My friend and I have known each other since we were 2 years old and I love him. He already knows I'm gay and I think he's gay to. He always has his hands on me and is real chill around me. So how do I tell him I love him?
My friend and I have known each other since we were 2 years old and I love him. He already knows I'm gay and I think he's gay to. He always has his hands on me and is real chill around me. So how do I tell him I love him?
You should tell him that you like him rather than love him first and see how he reacts. Love is a very strong word.
Also keep in mind that you might be reading into things that aren't really there. I have a knack for falling for straight guys. They always seem ambiguously asexual and I always have "proof" that they are gay like touches, they never talk about women, they were "flirting" with me, etc. Then they usually turn out to be straight despite everything.
Just keep in mind that you might be seeing what you want to see. I don't think telling him that you like him will damage the relationship since you guys have known each other for so long and he is already comfortable with the fact that you are gay.

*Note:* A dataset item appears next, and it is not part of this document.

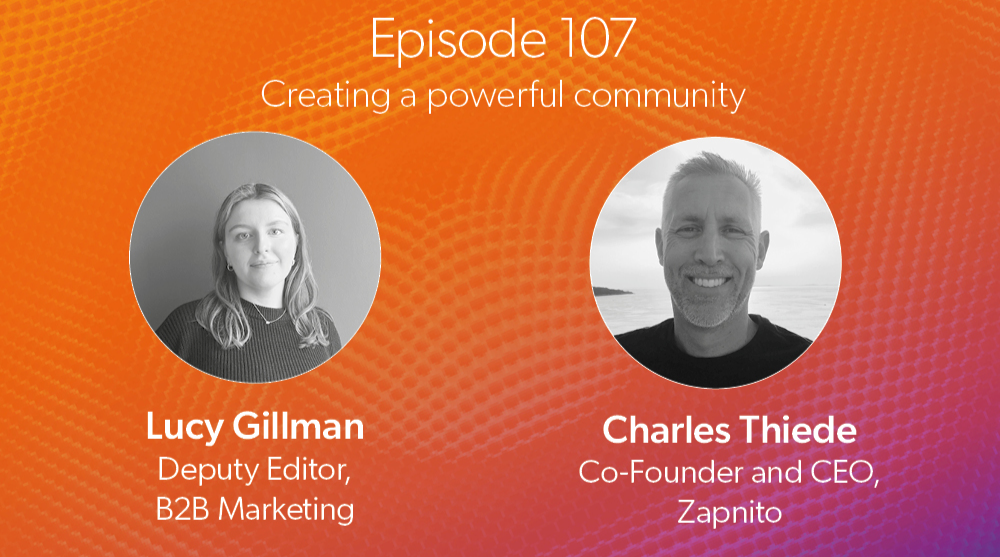 B2B Marketing Podcast: Creating a powerful community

When you guys are hanging out ask him to talk and tell him that you like him. Let him know that you don't want things to get weird between you two. Then, Ask him if there's a chance that he feels the same hopefully he says yes and go from there.

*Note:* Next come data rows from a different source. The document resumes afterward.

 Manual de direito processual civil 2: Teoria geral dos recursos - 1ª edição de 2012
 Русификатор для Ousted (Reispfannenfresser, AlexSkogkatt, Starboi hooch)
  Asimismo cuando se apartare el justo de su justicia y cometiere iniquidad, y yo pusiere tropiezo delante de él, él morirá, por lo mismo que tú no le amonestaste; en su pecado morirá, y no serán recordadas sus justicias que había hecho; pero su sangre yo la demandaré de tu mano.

I'd start slowly by telling him what a good friend he is and how you like him. Since you are unsure of his orientation, maybe find a way to sneak into conversation how you don't believe in outing someone who is not ready to come out; that way, if he is gay or bi, he would be comfortable in doing so. Good luck.
Tough to give advice, because you need to know both of the players involved before you can really give good advice on how to approach him and what to say. You're dealing with a guy who might still be straight (straight guys can be touchy-feely), or might be gay but not ready to come out of the closet, or he might be gay and not interested in you "like that". I think the smart move is to say something in such a way that doesn't assume anything. So you might find a time to say something like this to him - "every since I came out to you, I've been thinking about what sort of guy I might like to date. And the more I think about it, I'd really like somebody like you...but, y'know, gay...and interested in me."
This leaves him opening no matter what his position is. If he's straight, he can just take the compliment and say "Well, hope you find someone like that soon." If he's not ready to come out, he can change the subject. But if he's gay and interested, he now has a golden opportunity to say so.